Terlihat jelas usaha yang dilakukan oleh pemerintahan Kabupaten Purwakarta

pada masa Bupati Dedi Mulyadi dalam memelihara kebudayaan Sunda. Berdasarkan

uraian tersebut penulis memberikan judul : “Pelestarian Nilai-Nilai Kesundaan Di

Kabupaten Purwakarta Pada Masa Bupati Dedi Mulyadi (2008-2013). Adapun

batasan temporal yang diambil tahun 2008 sampai dengan tahun 2013 adalah masa

pemerintahan Kabupaten Purwakarta selama satu periode di bawah kepemimpinan

Bupati H. Dedi Mulyadi, SH.

B. Rumusan Masalah

Agar penelitian ini lebih terfokus maka beberapa persoalan dapat dirumuskan

sebagai berikut :

1. Bagaimana Gambaran Umum Masyarakat Purwakarta 2008-2013?

2. Bagaimana Pelestarian nilai-nilai kesundaan di Kabupaten Purwakarta pada

masa Bupati Dedi Mulyadi 2008-2013?

C. Tujuan Penelitian

Adapun tujuan yang ingin di capai dalam penelitian ini adalah sebagai berikut :

1. Untuk mengetahui gambaran umum masyarakat Purwakarta tahun 2008-

2013

2. Untuk mengetahui usaha-usaha pelestarian nilai-nilai kesundaan di

Kabupaten Purwakarta pada masa Bupati Dedi Mulyadi 2008-2013

D. Langkah-Langkah Penelitian

Penelitian menggunakan metode sejarah adalah suatu proses menguji dan

menjelaskan serta menganalisis secara kritis rekaman peningglan masa lalu

(Gotttschalk, 1985 : 33). Sedangkan menurut Dudung Abdurahman (1990 : 43) metode

sejarah dapat diartikan sebagai upaya penyelidikan suatu masalah dengan

mengaplikasikan jalan pemecahannya melalui perspekstif historis.

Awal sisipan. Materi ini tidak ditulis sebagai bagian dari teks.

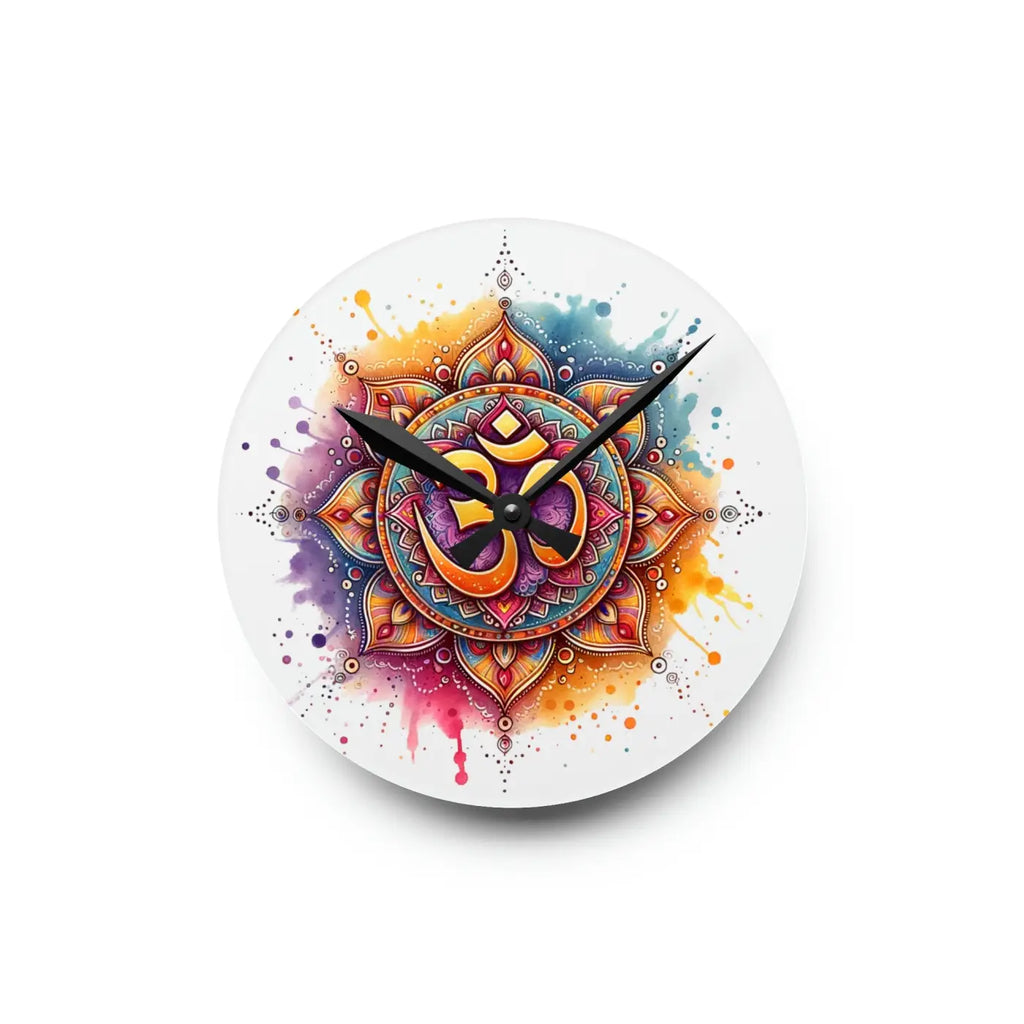 Radiant Aum Wall Clock - Acrylic Spiritual Decor - Dipaliz
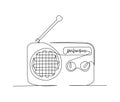 Continuous one line drawing of vintage broadcast radio receiver. Simple Retro radio lineart vector illustration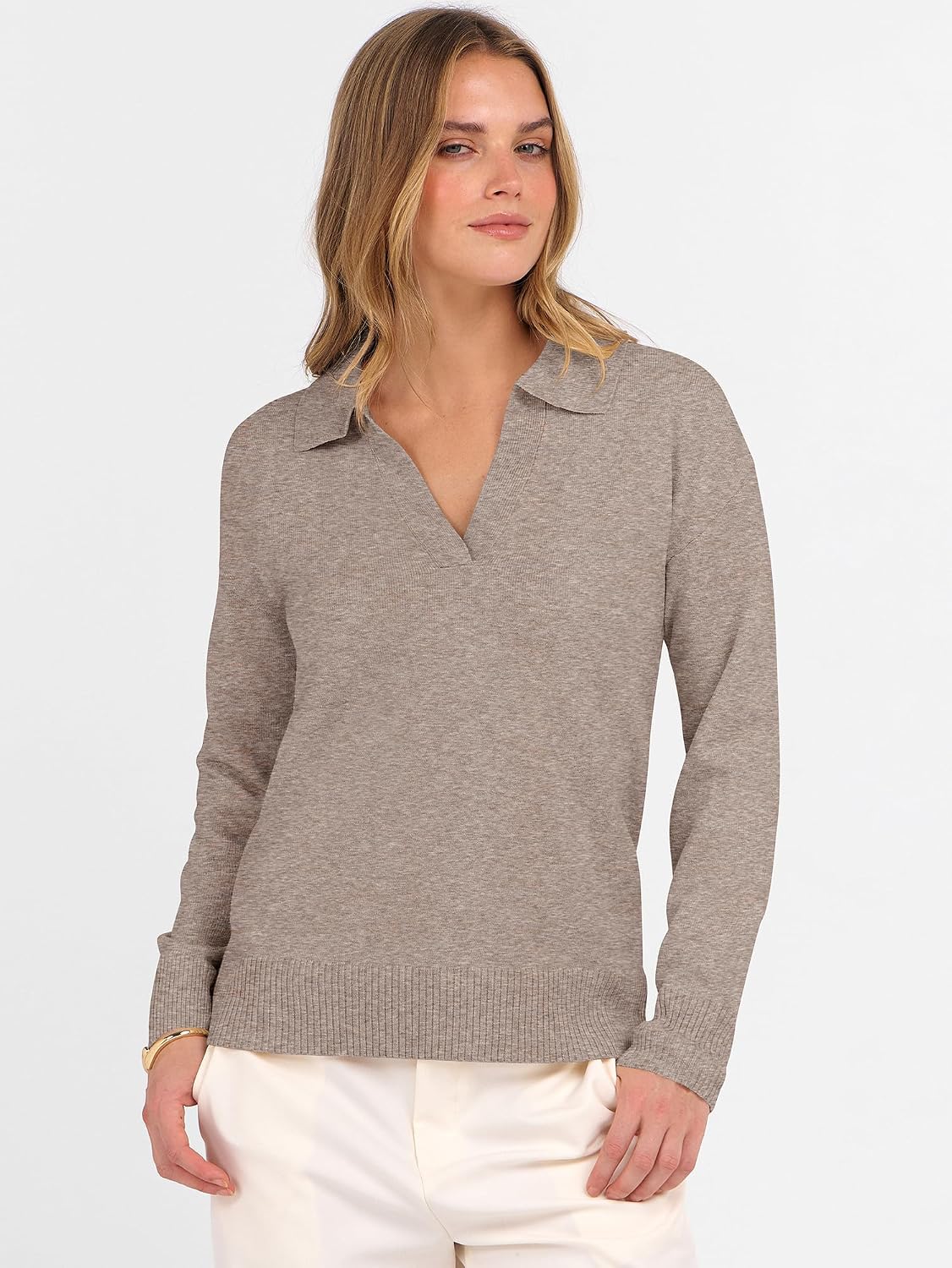 ANRABESS Women Polo V Neck Lightweight Fall Sweaters - Image 2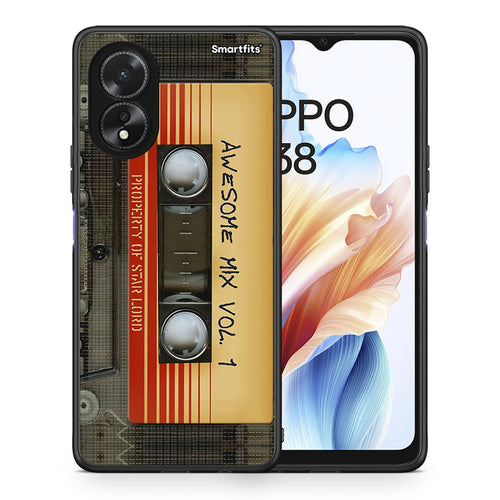 Θήκη Oppo A18 Awesome Mix από τη Smartfits με σχέδιο στο πίσω μέρος και μαύρο περίβλημα | Oppo A18 Awesome Mix case with colorful back and black bezels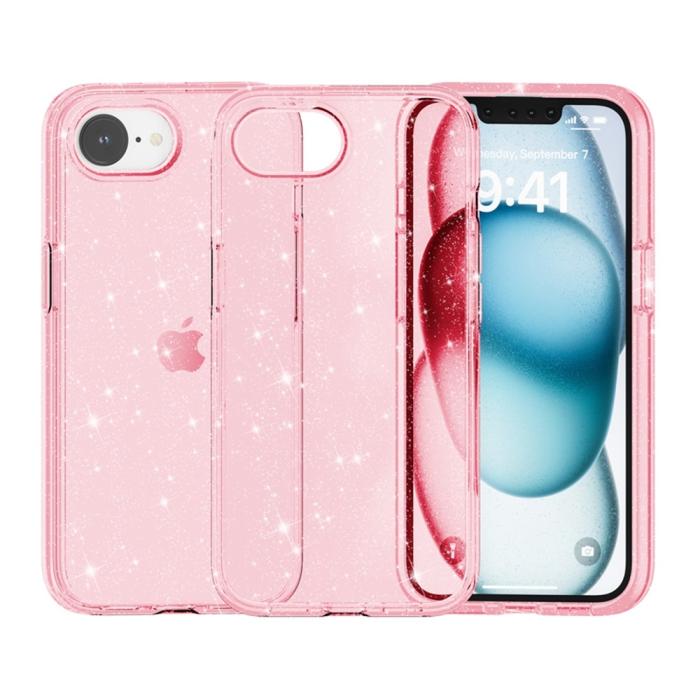 Bild 6,  iPhone 17e / 16e Skal Glitter Shockproof Rosa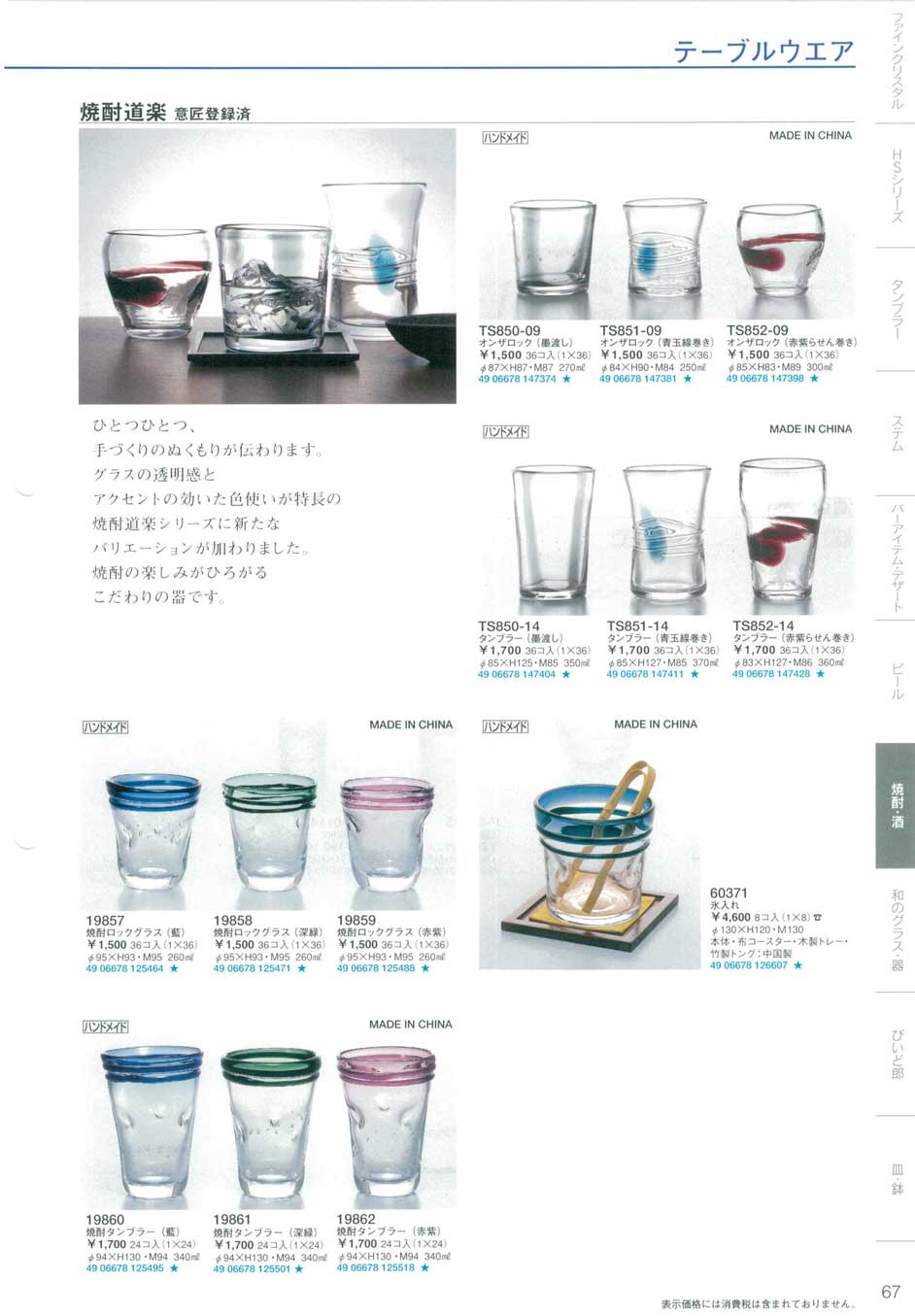 食器 焼酎道楽東洋佐々木ガラス２０１０－67ページ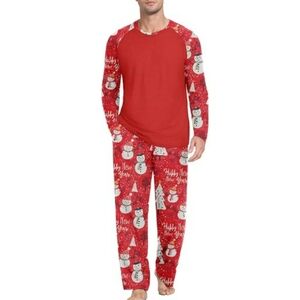 Men's Pajama Set Sleepwear Lightweight Long Sleeve Red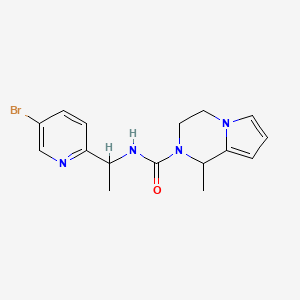molecular formula C16H19BrN4O B7074078 N-[1-(5-bromopyridin-2-yl)ethyl]-1-methyl-3,4-dihydro-1H-pyrrolo[1,2-a]pyrazine-2-carboxamide 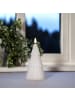 MARELIDA LED Kerze Tannenbaum Echtwachs 3D Flamme H. 18cm in weiß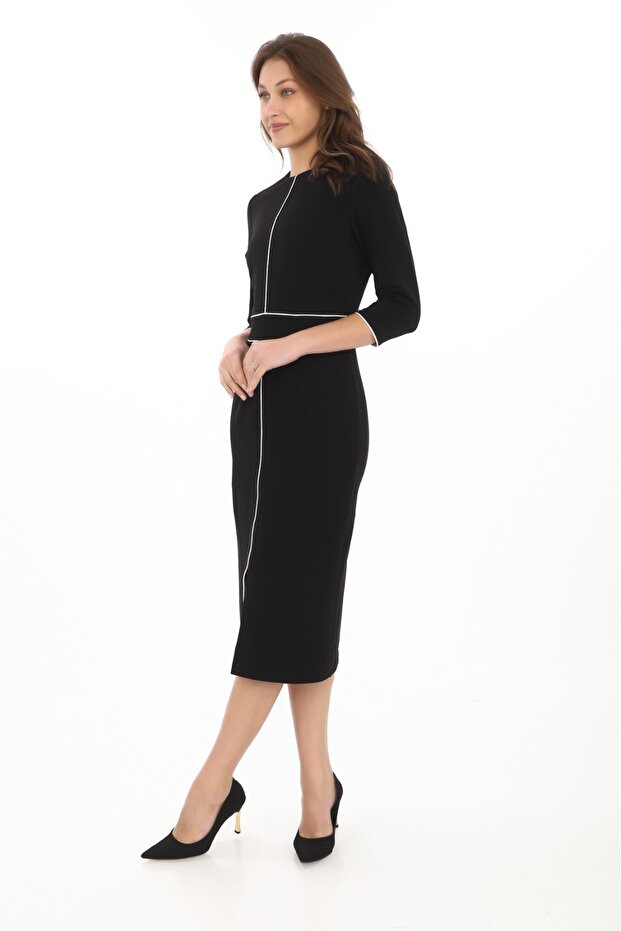 Piping Detail Crew Neck Midi Dress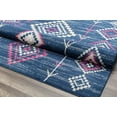 thumbnail image 6 of Soleil BR15H Native Navy Tribal Moroccan blue Area Rug, 2'x8', 6 of 9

Maka metode sejarah dapat dipahami sebagai usaha dari peneliti untuk

menyajikan tulisan dimulai dari pencarian sumber, kritik, analisis sumber, serta

interpretasi. Adapun langkah-langkah yang ditempuh dalam penulisan ini

menggunakan metode penelitian sejarah yang meliputi empat tahapan yaitu heuristik,

kritik, interpretasi, dan historiografi (E. Kosim, 1984 : 36).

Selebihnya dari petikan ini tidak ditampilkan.